= James Allen Keast =

Australian ornithologist

James Allen Keast (15 November 1922 – 8 March 2009) was an Australian ornithologist, and Professor of Biology at Queen's University, Kingston, Ontario, Canada. Born in Turramurra, New South Wales, he performed war service 1941–1945 in New Guinea and New Britain. He earned his BSc (1950) and MSc (1952) degrees at the University of Sydney, going on to earn an MA (1954) and PhD (1955) from Harvard. He started the first natural history series on Australian television in 1958–1960. A long-time member and benefactor of the Royal Australasian Ornithologists Union (RAOU), he was elected a Fellow of the RAOU in 1960. Keast joined the faculty of Queen's in 1962, and in 1989 became a professor emeritus. In 1995 he was awarded the D.L. Serventy Medal for outstanding published work on birds in the Australasian region. As well as numerous scientific papers, he authored and edited several books.

Keast endowed a postgraduate student award - Birds Australia's (formerly Royal Australasian Ornithologists Union) Professor Allen Keast Research Award. At Queen's, the J. Allen Keast Lake Opinicon Undergraduate Research Fellowship provides funds for an undergraduate to carry out summer study at Queen's University Biological Station. The J. Allen Keast Field Biology International Exchange Fund assists exchanges of biologists between Queen's and universities in the southern hemisphere.

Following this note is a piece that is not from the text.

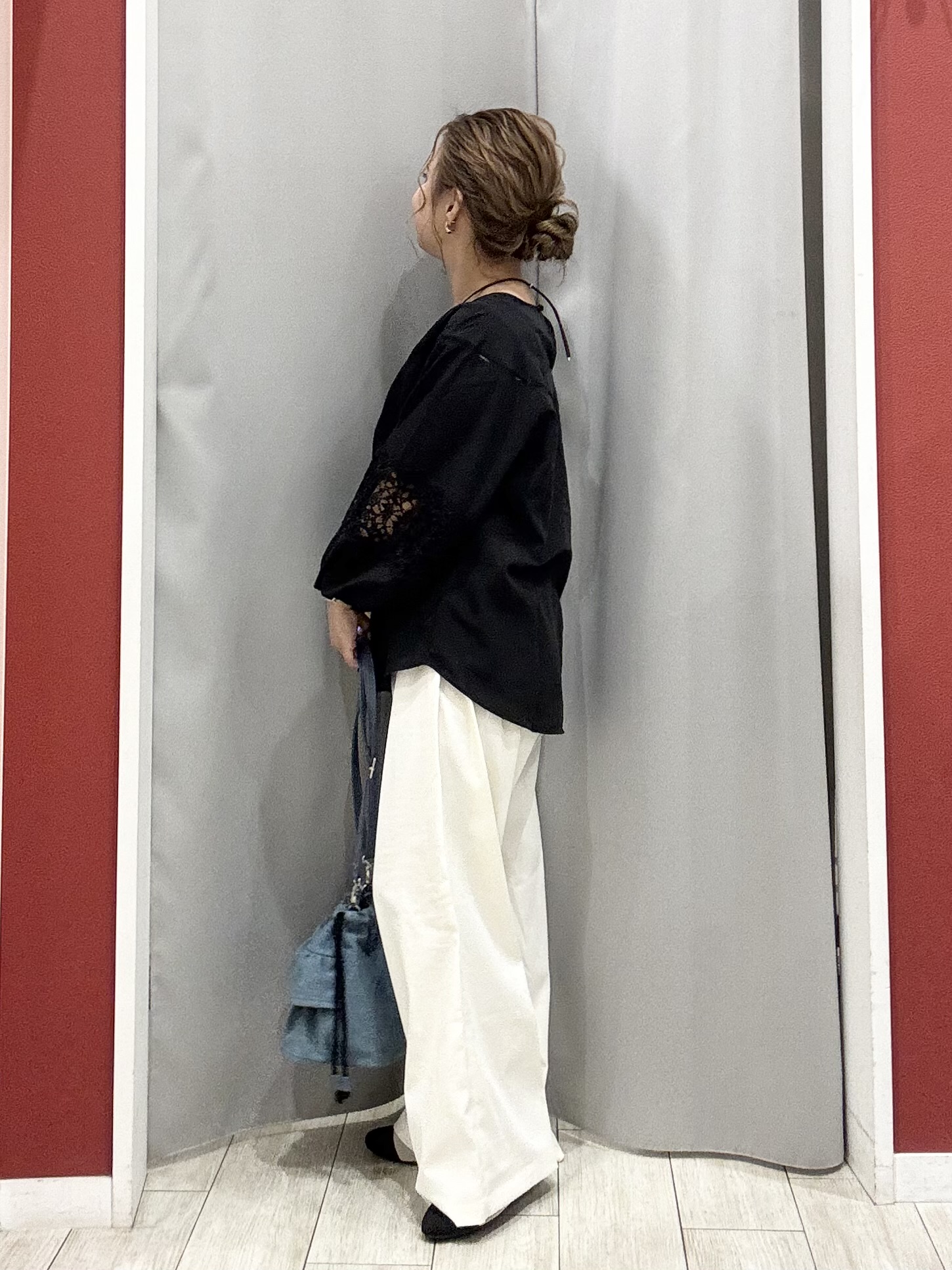 shioさんの「SHOO･LA･RUE｜【洗濯機可/S-LL/体型カバー】オンオフ使える 大人のツータックワイドパンツ」を使ったコーディネート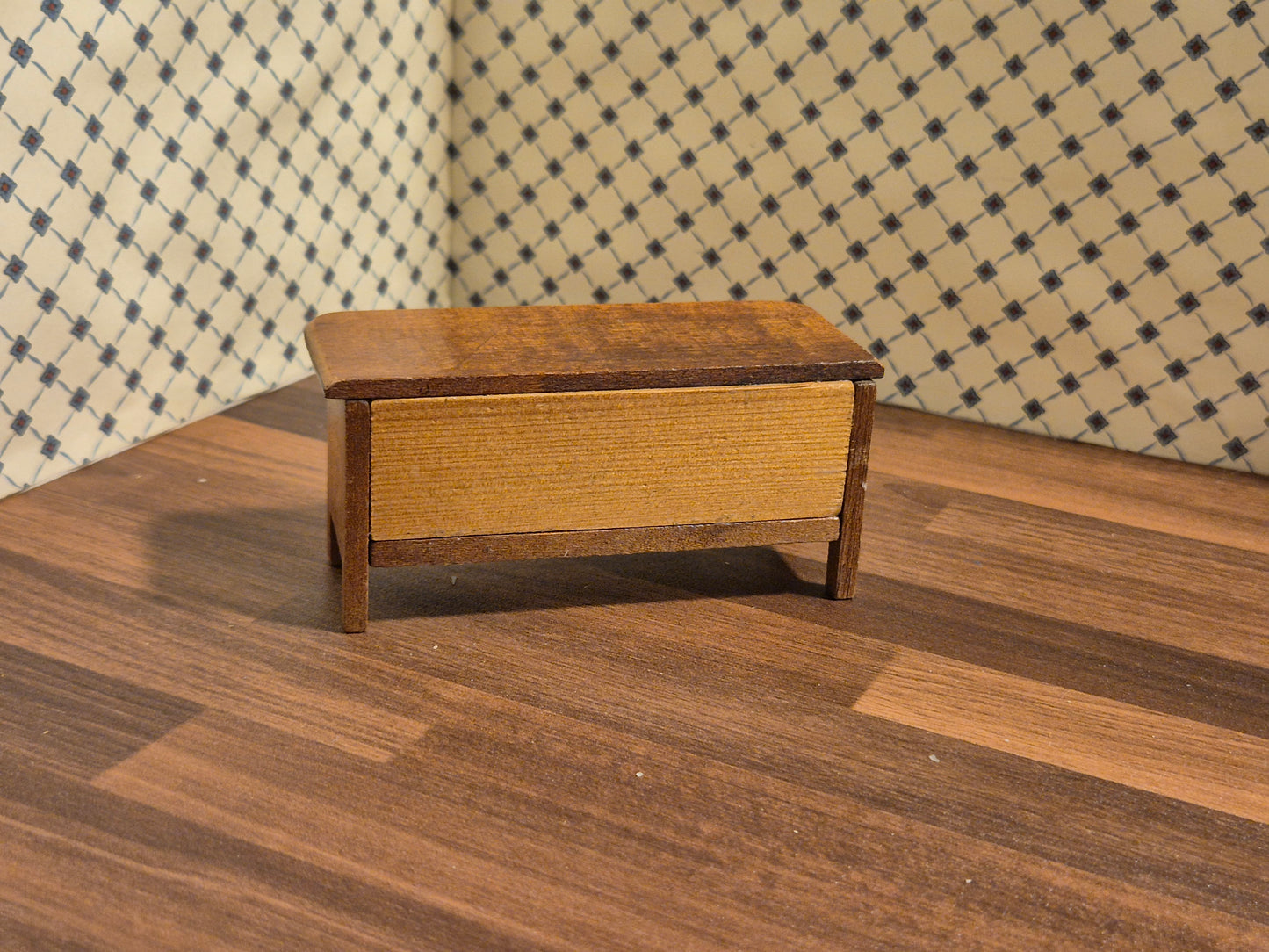 Vintage 1:16 reol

The fictional city-state of Keastipol, on the coast of the Great Southern Continent of K.V. Johansen's children's novel Torrie and the Firebird, was named after Keast.

==Bibliography==

- Window to Bushland (1959)
- Bush Birds (1960)
- Australian Bird Songs (1964)
- Australian Bush Sounds (1966)
- Australia and the Pacific Islands: a natural history (1966)
- Ecological biogeography of Australia (ed.) (1981)
- Evolution, mammals, and southern continents (ed.) (1972)
- Bush birds of Australia (1973)
- Birds of Eucalypt Forests and Woodlands: Ecology, Conservation, Management (ed.) (1985)
- The origin and evolution of Pacific island biotas, New Guinea to eastern Polynesia : patterns and processes (ed.) (1996)
- Bird watcher to professional ecologist : a humorous career (2008)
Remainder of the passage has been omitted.